[[ COLLECTED DATA open ]]

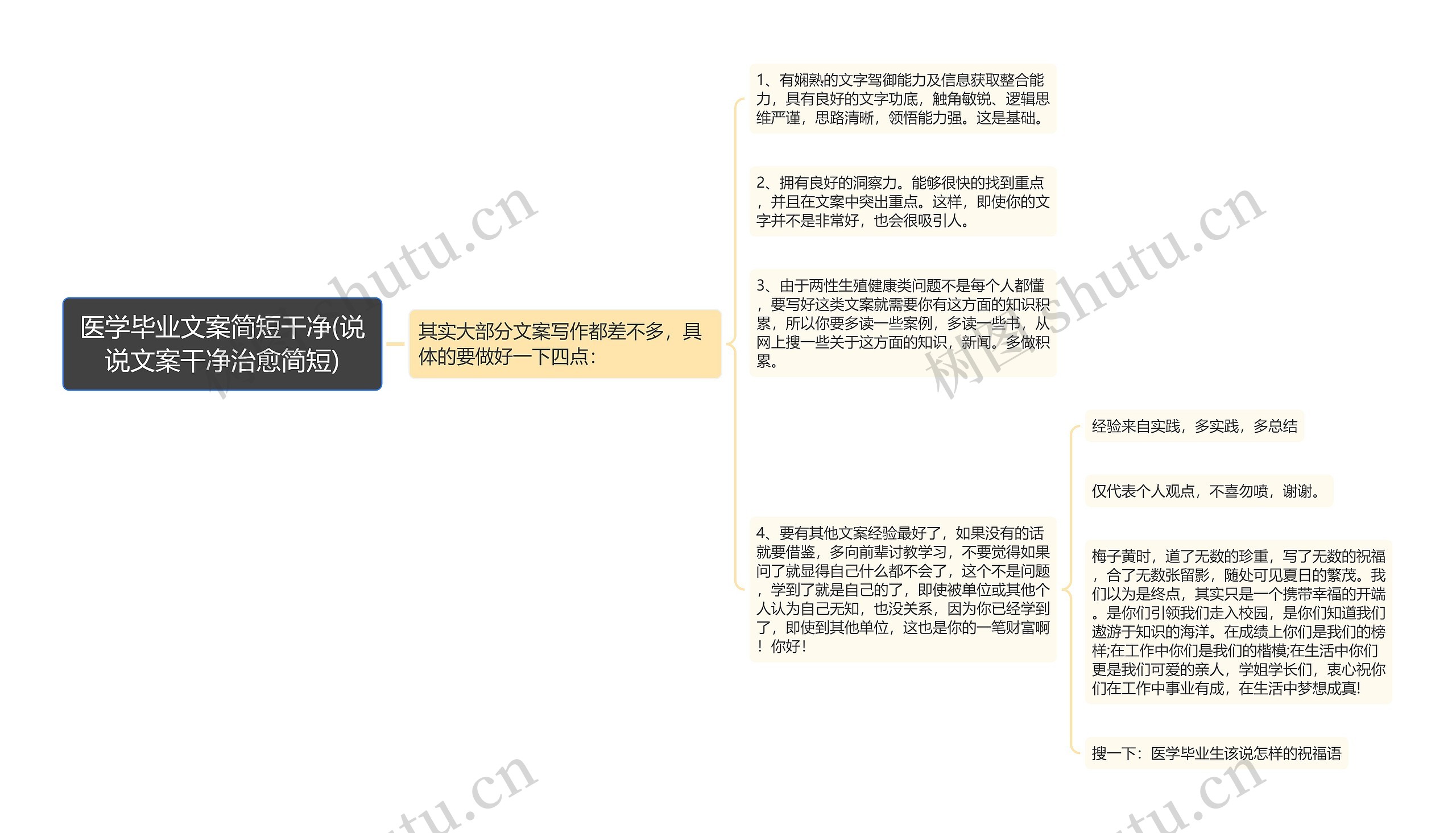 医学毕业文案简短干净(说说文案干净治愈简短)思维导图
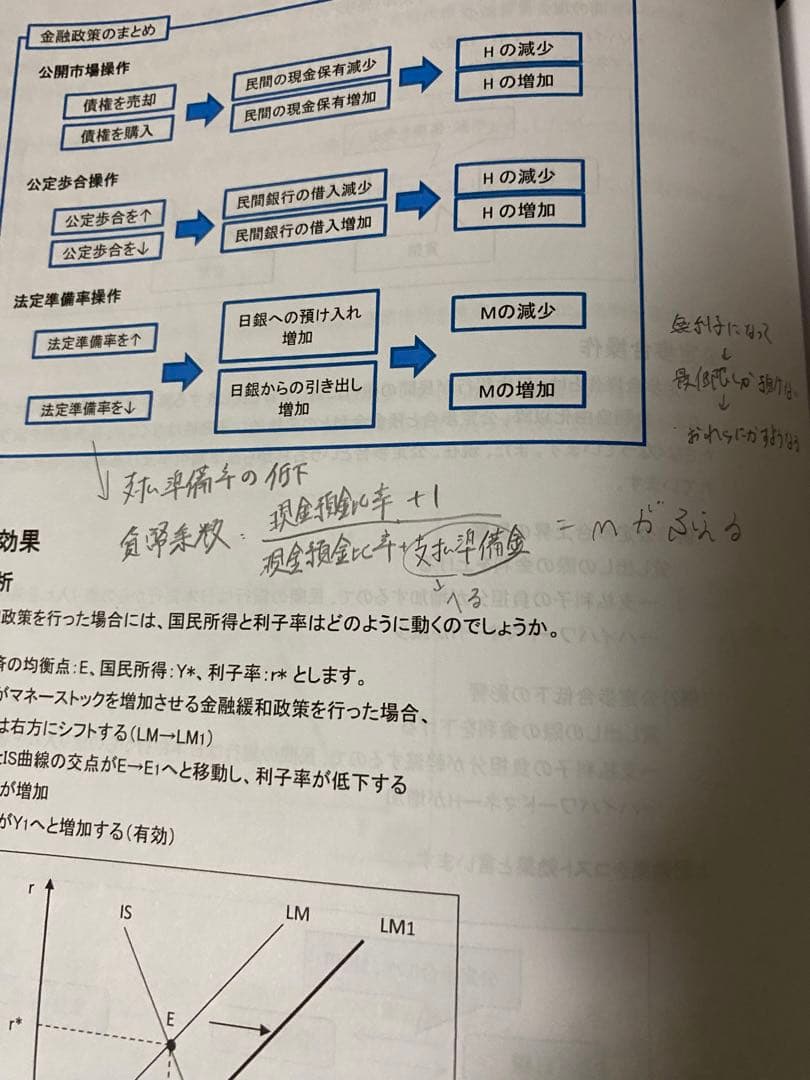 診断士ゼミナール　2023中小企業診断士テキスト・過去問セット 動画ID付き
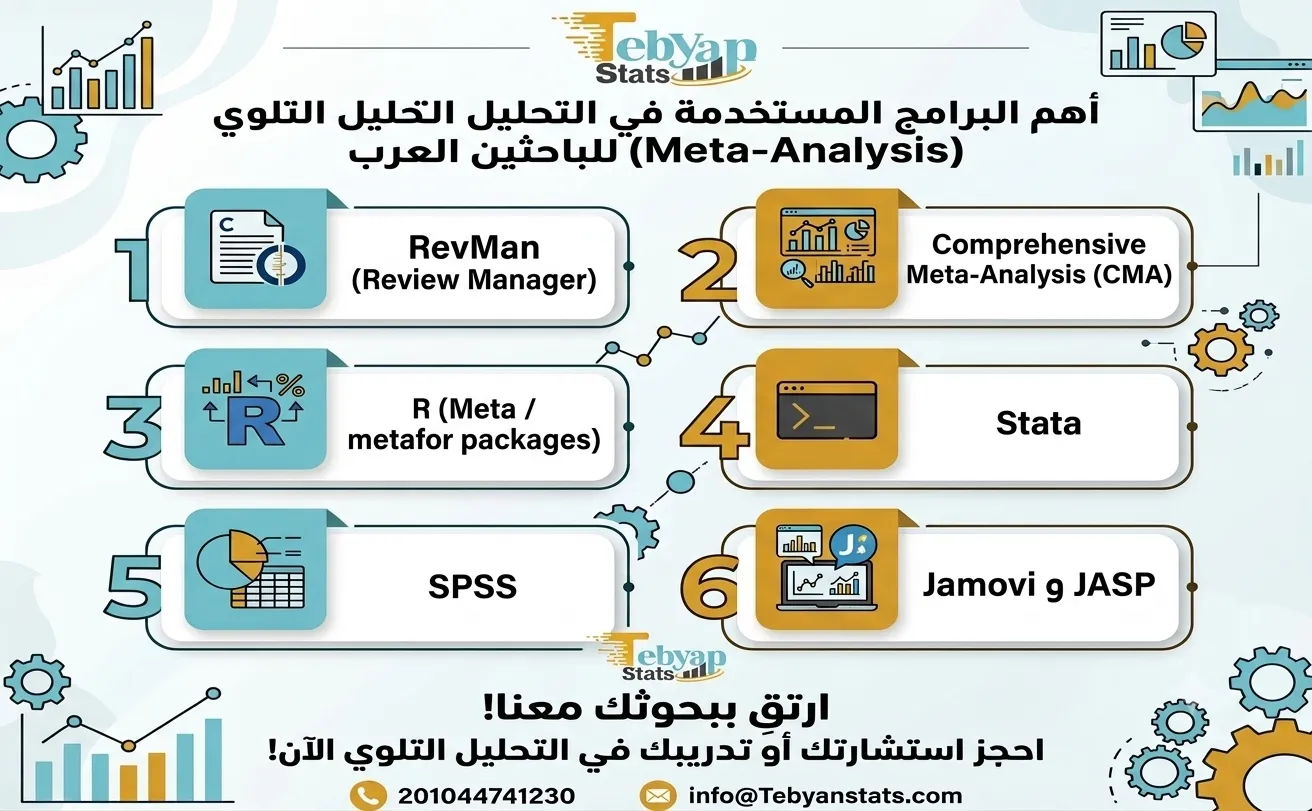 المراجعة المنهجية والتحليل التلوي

[[ COLLECTED DATA closed ]]

*EXERCISE BRIEF*.
Begin at the line containing "診断士ゼミナール　2023中小企業診断士テキスト・過去問セット 動画ID付き" and write out every line to the end of the data exactly. Skip the pictures.

*SOLVED PROBLEM*.
 診断士ゼミナール　2023中小企業診断士テキスト・過去問セット 動画ID付き
 المراجعة المنهجية والتحليل التلوي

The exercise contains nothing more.